Si l’on ajoute le frein persistant que constitue l’effet des renouvellements de prêts hypothécaires, nous prévoyons que le Canada entrera dans une légère récession au tournant de l’année. Cela signifie que les taux d’intérêt ne resteront pas élevés pour encore très longtemps. D’ici mars prochain, nous pensons que la Banque du Canada estimera que le processus de rééquilibrage de l’offre et de la demande est suffisamment enraciné pour justifier un certain assouplissement de la politique monétaire. Toutefois, l’objectif d’une inflation à 2 % ne sera probablement pas atteint avant la fin de l’année 2024, ce qui empêchera la Banque du Canada, comme la plupart des banques centrales, d’injecter des mesures de relance monétaire substantielles, comme ce fut le cas lors des précédents ralentissements.

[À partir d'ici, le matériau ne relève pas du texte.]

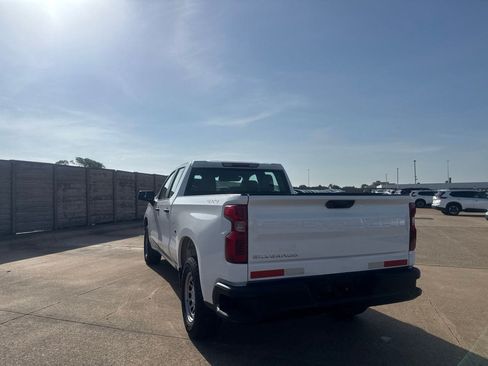 Used 2020 Chevrolet Silverado 1500 W/T w/ Trailering Package AWD/4WD image 16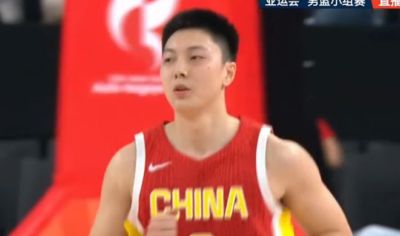 速递:中国男篮回国后将解散!郭士强去留引热议,姚明筹备新联赛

Les coûts d’emprunt plus élevés et les inquiétudes persistantes concernant l’inflation limitant aussi la capacité de la politique budgétaire à soutenir l’économie, il n’y aura que peu d’éléments de relance pour propulser un rebond. Ainsi, bien que la prochaine récession ne sera pas excessivement douloureuse, nous devons tout de même nous attendre à ce que la reprise soit douloureusement lente.